Work instructions ▸
Each image should be skipped while the records are restated word for word.

Brief descriptive captions
+===+
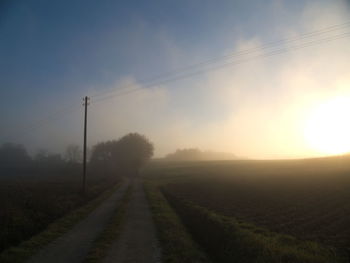 Road passing through field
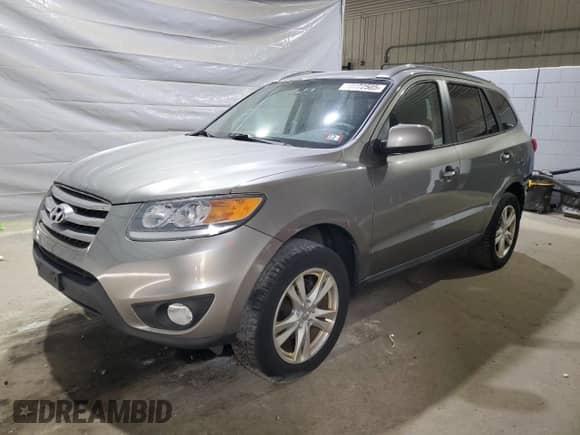 2012 Hyundai Santa Fe Limited с VIN 5XYZKDAG5CG144226, выставлен на аукционе Copart как лот 70772505 с пробегом 176 332 миль миль и Списание • Salvage title. История ставок и продаж доступна на DreamBid. Изображение 1.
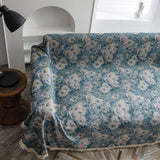 Overhead view of the Blue Bouquet Classic Floral throw draped across the sofa seat by a stool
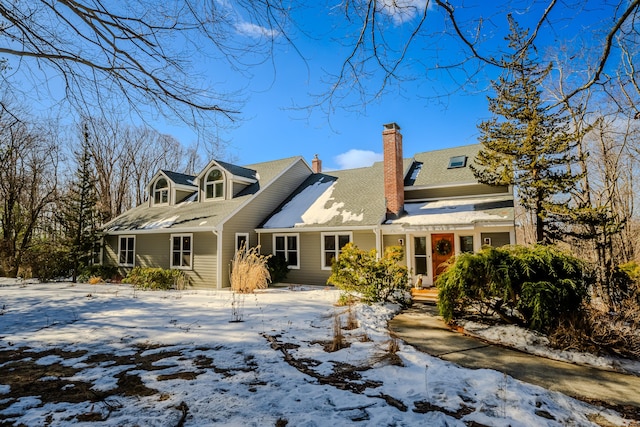 snow covered back of property with a chimney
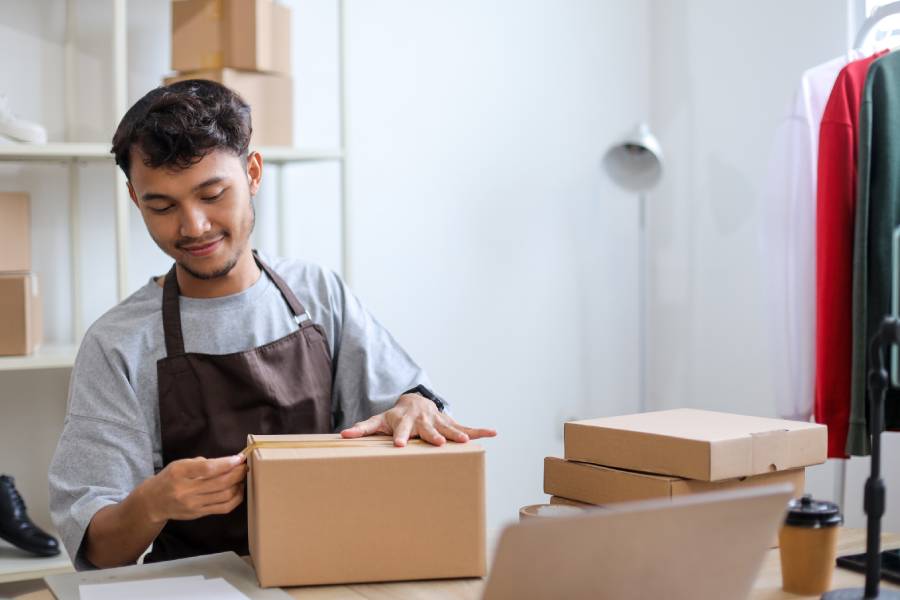 Vendedor preparando cajas con pedidos en la tienda, en representación de quienes comparan ANYTOOLS vs Vambe para gestionar las ventas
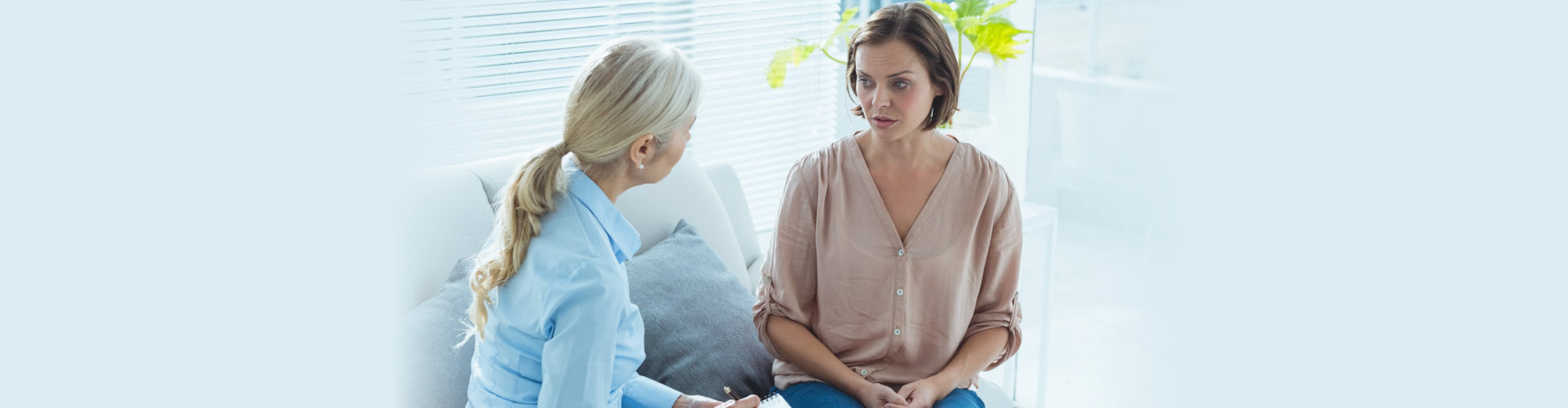 Upset woman talking to therapist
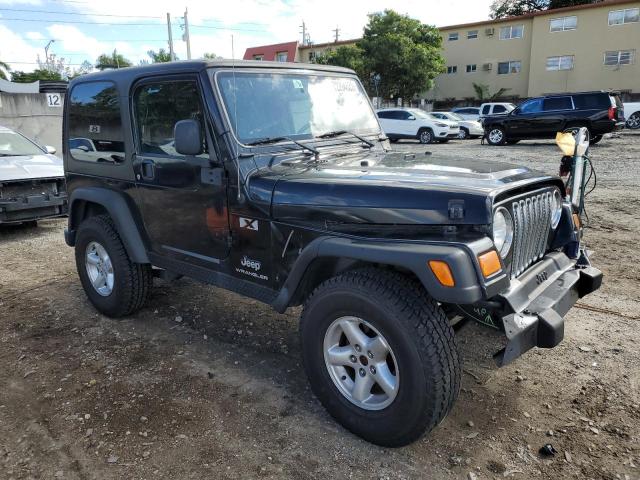 Photo 4 from auction – 2004 JEEP WRANGLER X with VIN 1J4FA39S24P744820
+===+
Solution ▸
 Road passing through field
 2012 Hyundai Santa Fe Limited с VIN 5XYZKDAG5CG144226, выставлен на аукционе Copart как лот 70772505 с пробегом 176 332 миль миль и Списание • Salvage title. История ставок и продаж доступна на DreamBid. Изображение 1.
 Overhead view of the Blue Bouquet Classic Floral throw draped across the sofa seat by a stool
 snow covered back of property with a chimney
 Vendedor preparando cajas con pedidos en la tienda, en representación de quienes comparan ANYTOOLS vs Vambe para gestionar las ventas
 Upset woman talking to therapist
 Photo 4 from auction – 2004 JEEP WRANGLER X with VIN 1J4FA39S24P744820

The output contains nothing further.